Some developments to help identify AI use in student work have already begun appearing. Edward Tian, a computer science major at Princeton University, created GPTZero, an app aimed at educators that can detect AI generated text. GPTZero examines two key factors in a student’s work: perplexity, a measure of randomness, and burstiness, which refers to the variance within the writing. Generally, human-written texts have a tendency to be more random and consist of more variance than bot-generated text. GPTZero currently only exists as a textbox, but the full version which is in development would allow teachers to upload documents for evaluation just like Turnitin.com. 

Even with AI detection software some students are still able to get around it. In fact, some even use the software themselves to ensure that their submitted work does not stand out, making AI use harder to detect by teachers.

“I try my best to not make it obvious that [my assignments are written by] an AI bot,” an Anonymous FHS senior said. “I dumb it down a little bit and change words up. And there’s also AI detectors for GPT. So, I [run] it through that and there’s a scale on the AI detector between 100%, fake [and] 100% real and I try to get 100% Real or at least 95%.”

School districts across the U.S., including Seattle Public Schools and New York City’s Department of Education, have administered bans on ChatGPT on school devices.

Educators have expressed concerns regarding how ChatGPT threatens students’ learning and progress.

“There’s two real main things like content and skills,” Rognas said. “I want [students] to leave history class and have a way better understanding of history. That’s important. But, maybe, what’s more important is that [their] skills grow […] Critical thinking and writing are really applicable to [their] real world experience, maybe a little bit more than understanding the difference between the early colonies in AP U.S. History.”

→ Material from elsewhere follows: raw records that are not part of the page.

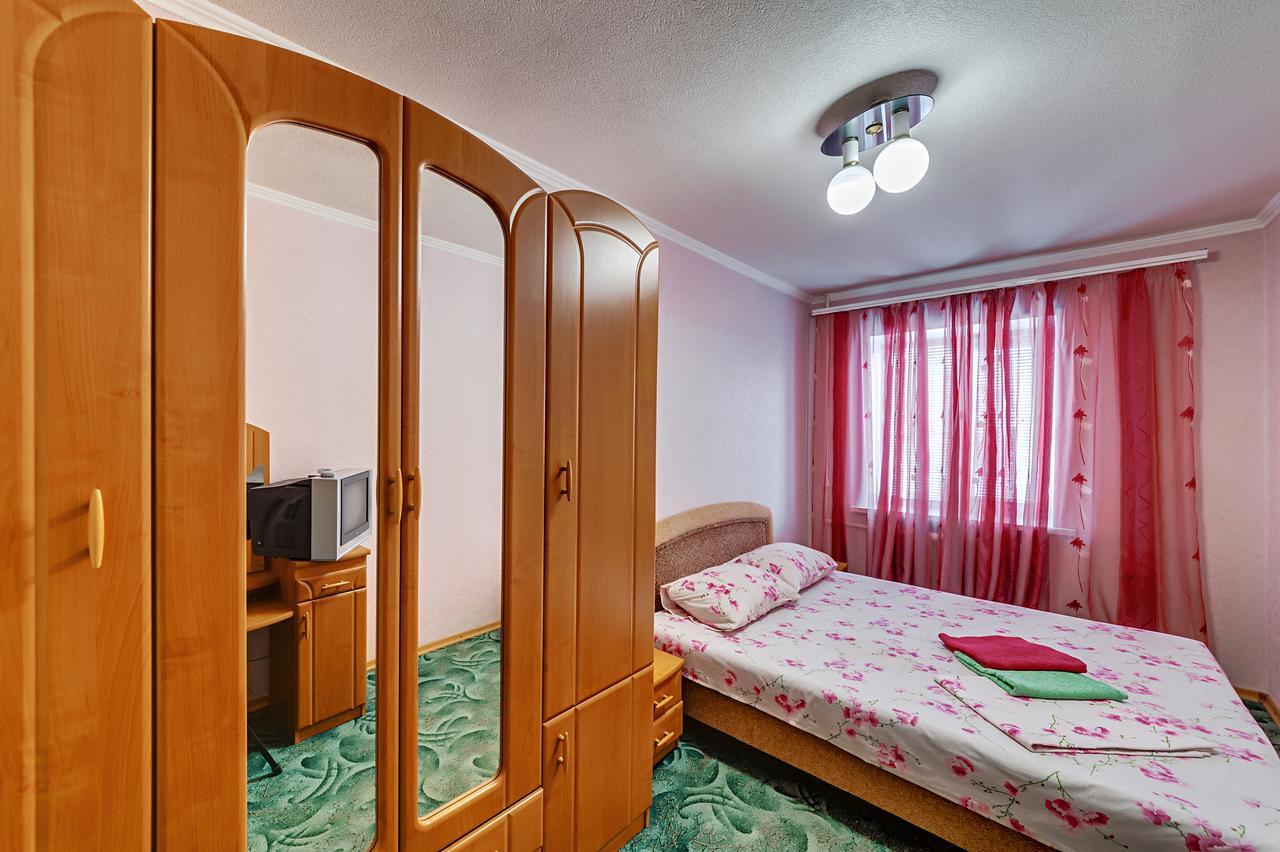 Apartment - Sobornyi Prospekt 97 Zaporizhia エクステリア 写真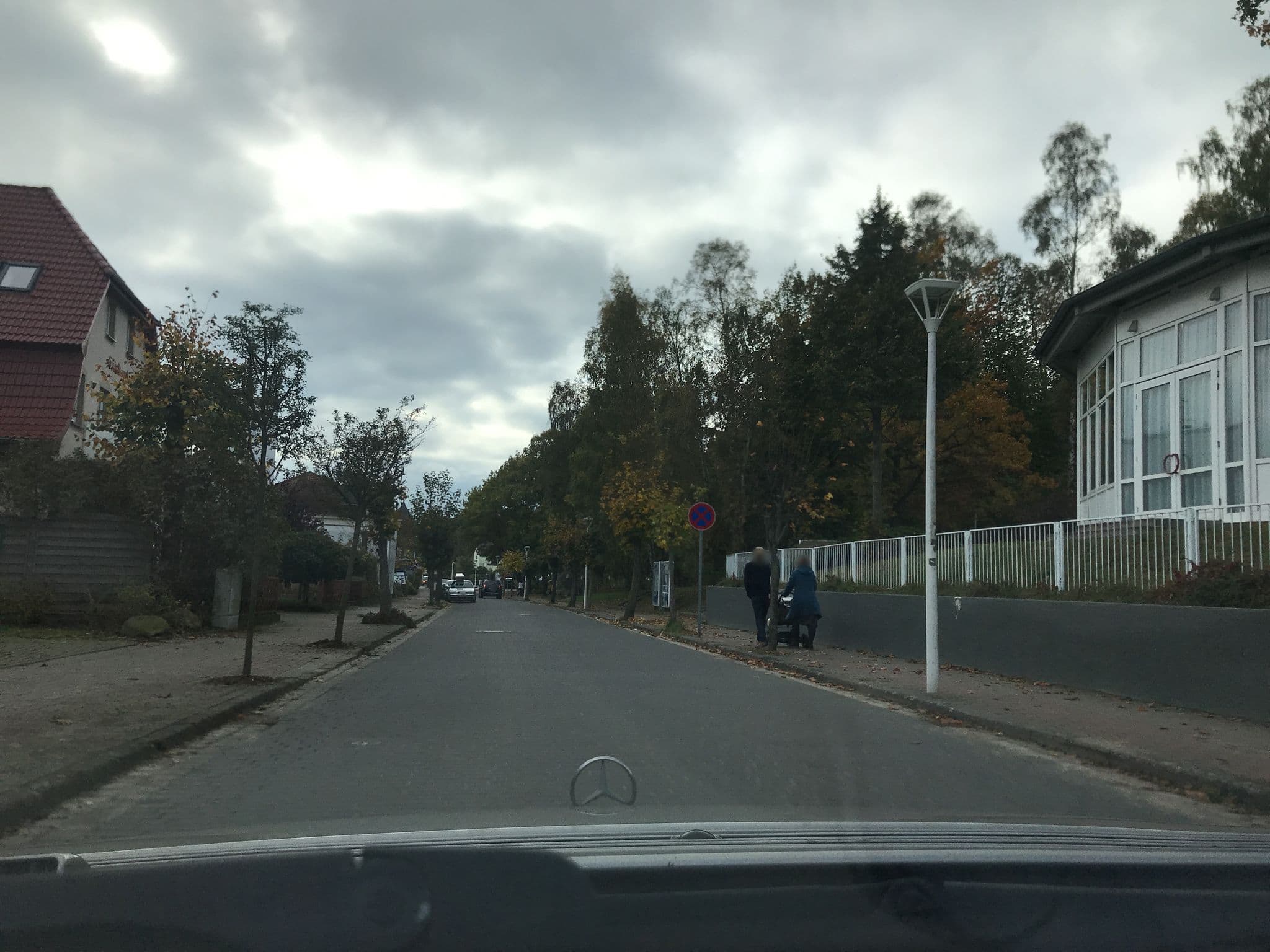 Street view near Villa Victoria, Loddin — © saschahaberkorn (CC BY-SA · Mapillary)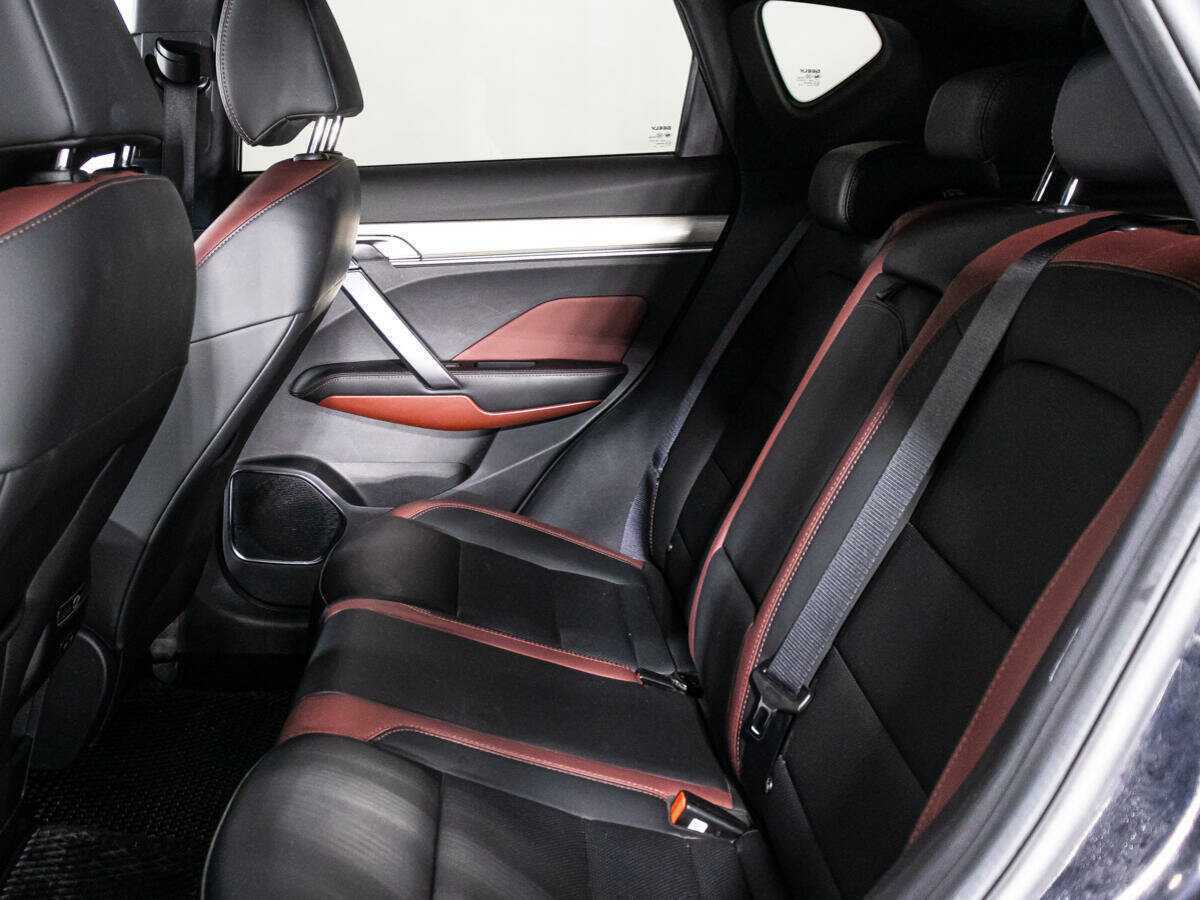 Geely Coolray б/у, 2021, Роботизированная. Фото: #8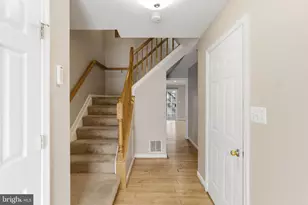 5702 Goldfinch Ct, Ellicott City, MD 21043 - Photo 4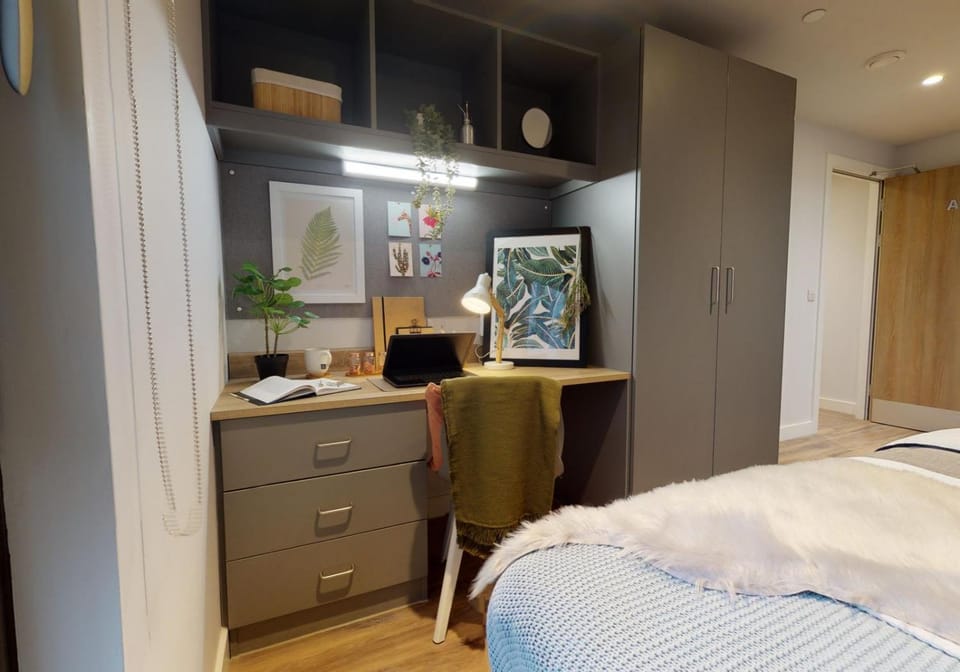 For Students Only - Apartments at Weaver Place in Coventry Apartment in Coventry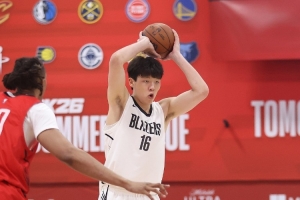 拓媒：杨瀚森传球能力很强 具备成为球队组织核心的潜力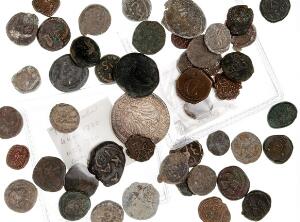 Trankebar, samling af kas, 2 og 4 kas samt blykas mønter fra diverse konger, i alt 46 stk. i blandet kvalitet med enkelte bedre samt tysk, 4 Kreuzer 1630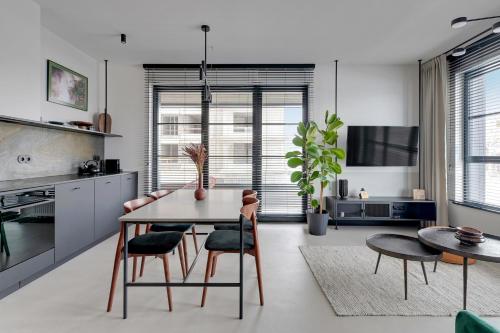 DOKI Living by Blue Mandarin Parking & Foodhall 4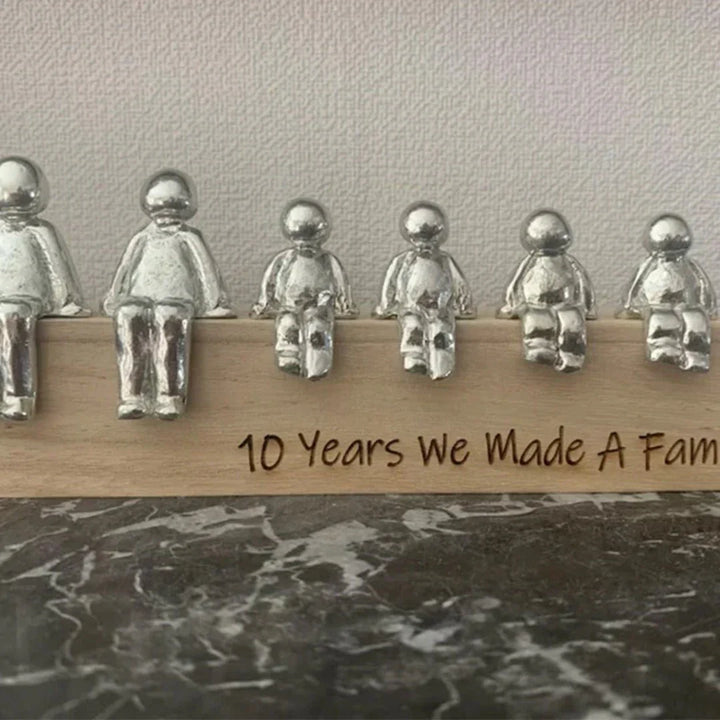 Lisslune | Timeless Family Sculpture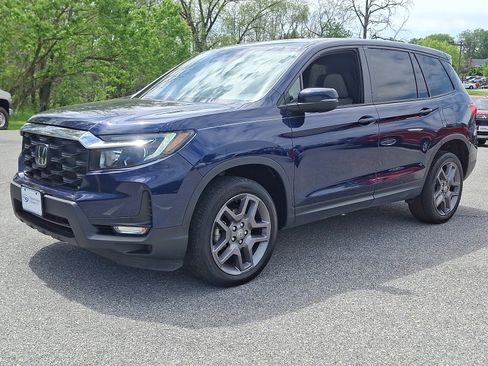 Used 2023 Honda Passport EX-L image 3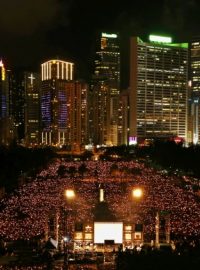 Hongkong. Dvacet pět let od masakru na pekingském náměstí Nebeského klidu si připomněly desítky tisíc lidí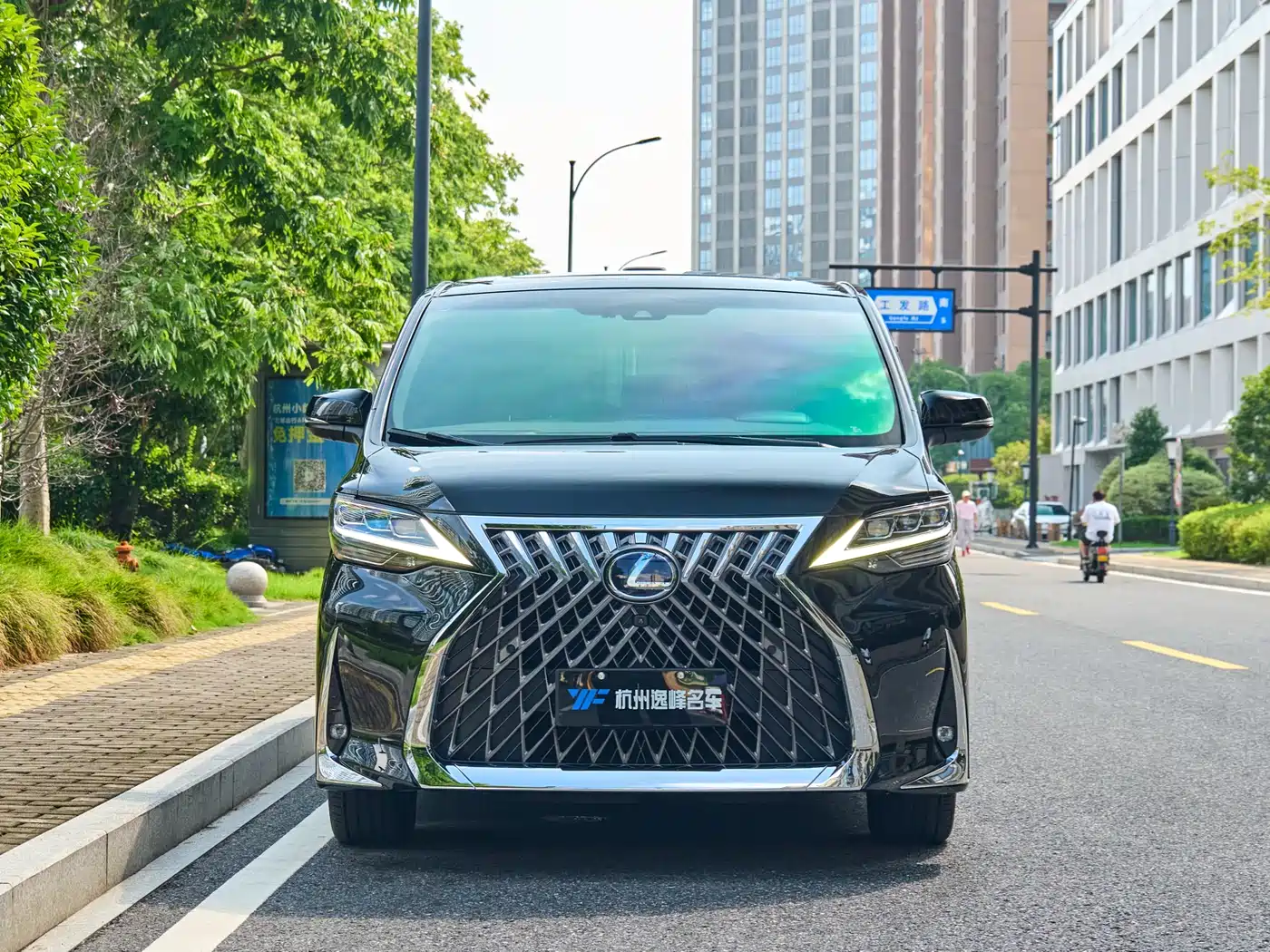 Toyota Vellfire 2021 Crown Hybrid 2.5L HV Premium Edition фото 2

Rumors of OpenAI’s ChatGPT-4, scheduled to be released in 2023, have begun circulating. ChatGPT-4 is estimated to reach 1 trillion parameters or more, while ChatGPT-3 has 174 billion, making it able to produce at a faster and more accurate capability.

“We’re going to try and do some things in the short term,” Altman said as reported by the Guardian. “There may be ways we can help teachers be a little more likely to detect output of a GPT-like system. But honestly, a determined person will get around them.”